Lapvona is written in the flat, schematic tones of an allegory – but if it is a fable, it has neither moral nor message, a void on which Moshfegh apparently prides herself. Right before she kills off almost all of the book’s characters, she writes tauntingly, “right or wrong, you will think what you need to think so that you can get by. So find some reason here.”
But why should the reader care about characters who care so little for each other, or for anything at all? Jude abandons Marek with ease and later reflects that he does not miss him, and when Jacob dies, Villiam is indifferent to the point of remaining unaffected by the hideously mangled corpse. He is “so accustomed to being entertained that any drama” strikes him as “one staged for his private amusement”: death isn’t “quite real to him”. The characters are only self-interestedly religious; they self-flagellate with an eye to receiving divine rewards.
Perhaps Lapvona could be read as a parody or at least a deflation of the breathless gothic mode – and indeed Moshfegh’s refusal of sentimentality, along with her many visceral descriptions of mutilations and other abominations, is one of her strongest suits. When Jacob falls to his death, his face “is split and flattened on the side that had hit”, and one of his eyeballs dangles from its socket. Almost lovingly, Moshfegh lingers over “the wretched look of slow agony in his clawed hand, the other arm broken at an insane angle”. During the famine, one character feeds another spiders and listens to “the bones of her jaw creak, her teeth grind the stale legs of the insects”. There are several suitably repellent forays into cannibalism.
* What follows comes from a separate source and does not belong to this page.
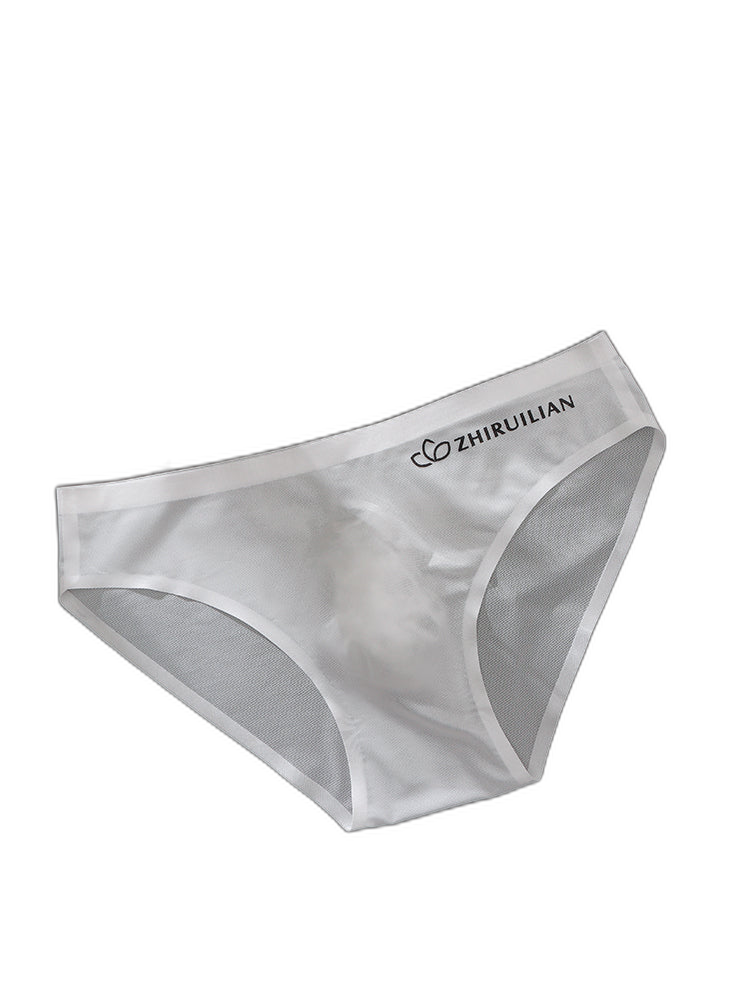 3 Pack Men's Ultra-Thin Seamless Ice Silk Cool-Touch Briefs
But it does not take long for the unmodulated peevishness of Moshfegh’s creations to become tiresome, if only because the stakes of their vexations are so low. The inhabitants of Lapvona are so uninvested in their own lives that even their deaths are inconsequential. They are not just unlikable but doggedly, one-dimensionally so. In Lapvona, life is stupid, people are stupid, love is stupid, embodiment is stupid and piety is stupid. The word “stupid” – which is fittingly careless and casual, not the sort of descriptor applied to affronts or disappointments of any significance – appears scores of times: Marek has “stupid” thoughts, and the priest finds everyone “stupid” but is “stupid, too”.
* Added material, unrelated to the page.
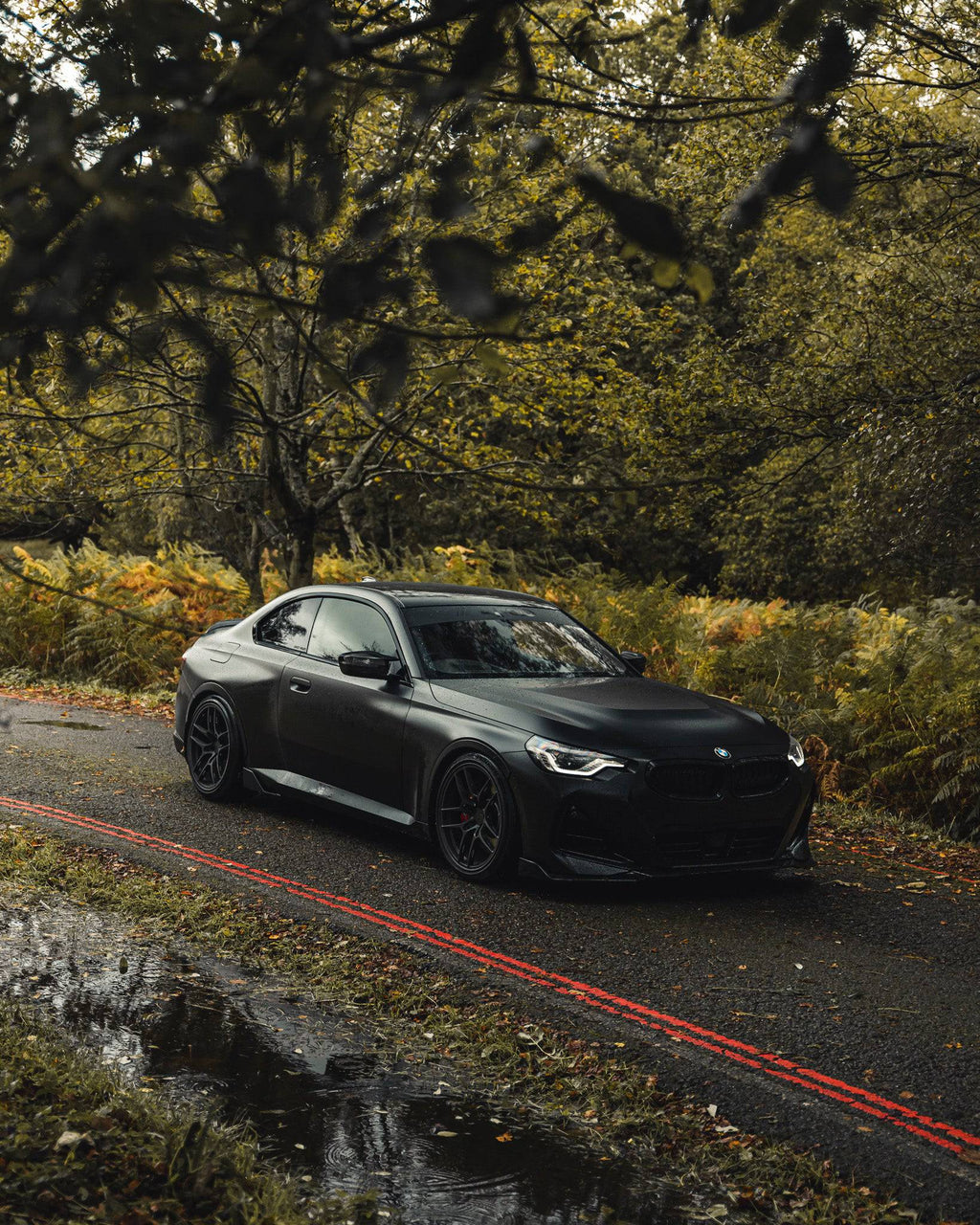 BMW 2 Series & M240i G42 Gloss Black Side Blades Winglets by FORM (2021+) - AUTOID® - Side Skirts & Winglets - FORM Industries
Being a sensible person, I agree that most things are stupid, but their stupidity is of interest only because there are at least a few things that ought to be exempt from otherwise universal contempt. Stupidity matters because it threatens those treasures that aren’t stupid, or at least the few things that we manage to care about despite their stupidity. Making a fetish of unlikability is more novel than making a fetish of affirmation, but ultimately, it represents no more than the same gimmick in reverse.